__WHAT TO PRODUCE__. The answer must restate the records below word for word.

>>>>>

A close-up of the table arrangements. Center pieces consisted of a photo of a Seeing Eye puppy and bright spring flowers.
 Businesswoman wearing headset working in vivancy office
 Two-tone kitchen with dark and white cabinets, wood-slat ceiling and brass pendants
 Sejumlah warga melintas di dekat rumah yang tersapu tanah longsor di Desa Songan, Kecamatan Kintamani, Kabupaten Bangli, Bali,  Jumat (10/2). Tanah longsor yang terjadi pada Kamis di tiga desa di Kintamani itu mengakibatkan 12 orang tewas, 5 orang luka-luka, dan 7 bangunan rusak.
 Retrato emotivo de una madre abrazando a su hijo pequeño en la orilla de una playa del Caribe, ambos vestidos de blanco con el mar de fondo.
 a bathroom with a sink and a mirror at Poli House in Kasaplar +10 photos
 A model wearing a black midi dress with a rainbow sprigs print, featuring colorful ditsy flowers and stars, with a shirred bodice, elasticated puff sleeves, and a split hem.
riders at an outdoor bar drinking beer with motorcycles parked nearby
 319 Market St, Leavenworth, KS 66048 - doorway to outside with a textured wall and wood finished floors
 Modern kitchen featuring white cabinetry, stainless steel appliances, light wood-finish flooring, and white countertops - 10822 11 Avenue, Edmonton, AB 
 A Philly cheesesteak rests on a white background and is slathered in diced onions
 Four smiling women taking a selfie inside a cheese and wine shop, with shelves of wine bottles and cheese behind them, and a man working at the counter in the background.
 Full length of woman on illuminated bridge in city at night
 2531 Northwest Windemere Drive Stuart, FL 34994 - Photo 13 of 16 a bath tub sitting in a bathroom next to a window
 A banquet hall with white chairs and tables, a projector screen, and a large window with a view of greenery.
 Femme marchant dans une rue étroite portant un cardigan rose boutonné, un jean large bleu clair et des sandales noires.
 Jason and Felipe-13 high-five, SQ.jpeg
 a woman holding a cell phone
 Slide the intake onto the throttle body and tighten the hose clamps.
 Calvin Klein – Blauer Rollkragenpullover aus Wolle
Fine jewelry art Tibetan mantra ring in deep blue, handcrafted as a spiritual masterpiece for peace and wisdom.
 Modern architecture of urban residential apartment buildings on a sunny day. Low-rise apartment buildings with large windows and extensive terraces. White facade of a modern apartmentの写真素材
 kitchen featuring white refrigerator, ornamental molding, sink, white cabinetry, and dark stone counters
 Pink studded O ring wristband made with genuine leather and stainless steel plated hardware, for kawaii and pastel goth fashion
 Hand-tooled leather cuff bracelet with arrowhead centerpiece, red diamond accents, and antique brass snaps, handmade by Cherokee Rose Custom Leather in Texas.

<<<<<

__ANSWER TO THIS PROBLEM__.
A close-up of the table arrangements. Center pieces consisted of a photo of a Seeing Eye puppy and bright spring flowers.
 Businesswoman wearing headset working in vivancy office
 Two-tone kitchen with dark and white cabinets, wood-slat ceiling and brass pendants
 Sejumlah warga melintas di dekat rumah yang tersapu tanah longsor di Desa Songan, Kecamatan Kintamani, Kabupaten Bangli, Bali,  Jumat (10/2). Tanah longsor yang terjadi pada Kamis di tiga desa di Kintamani itu mengakibatkan 12 orang tewas, 5 orang luka-luka, dan 7 bangunan rusak.
 Retrato emotivo de una madre abrazando a su hijo pequeño en la orilla de una playa del Caribe, ambos vestidos de blanco con el mar de fondo.
 a bathroom with a sink and a mirror at Poli House in Kasaplar +10 photos
 A model wearing a black midi dress with a rainbow sprigs print, featuring colorful ditsy flowers and stars, with a shirred bodice, elasticated puff sleeves, and a split hem.
riders at an outdoor bar drinking beer with motorcycles parked nearby
 319 Market St, Leavenworth, KS 66048 - doorway to outside with a textured wall and wood finished floors
 Modern kitchen featuring white cabinetry, stainless steel appliances, light wood-finish flooring, and white countertops - 10822 11 Avenue, Edmonton, AB 
 A Philly cheesesteak rests on a white background and is slathered in diced onions
 Four smiling women taking a selfie inside a cheese and wine shop, with shelves of wine bottles and cheese behind them, and a man working at the counter in the background.
 Full length of woman on illuminated bridge in city at night
 2531 Northwest Windemere Drive Stuart, FL 34994 - Photo 13 of 16 a bath tub sitting in a bathroom next to a window
 A banquet hall with white chairs and tables, a projector screen, and a large window with a view of greenery.
 Femme marchant dans une rue étroite portant un cardigan rose boutonné, un jean large bleu clair et des sandales noires.
 Jason and Felipe-13 high-five, SQ.jpeg
 a woman holding a cell phone
 Slide the intake onto the throttle body and tighten the hose clamps.
 Calvin Klein – Blauer Rollkragenpullover aus Wolle
Fine jewelry art Tibetan mantra ring in deep blue, handcrafted as a spiritual masterpiece for peace and wisdom.
 Modern architecture of urban residential apartment buildings on a sunny day. Low-rise apartment buildings with large windows and extensive terraces. White facade of a modern apartmentの写真素材
 kitchen featuring white refrigerator, ornamental molding, sink, white cabinetry, and dark stone counters
 Pink studded O ring wristband made with genuine leather and stainless steel plated hardware, for kawaii and pastel goth fashion
 Hand-tooled leather cuff bracelet with arrowhead centerpiece, red diamond accents, and antique brass snaps, handmade by Cherokee Rose Custom Leather in Texas.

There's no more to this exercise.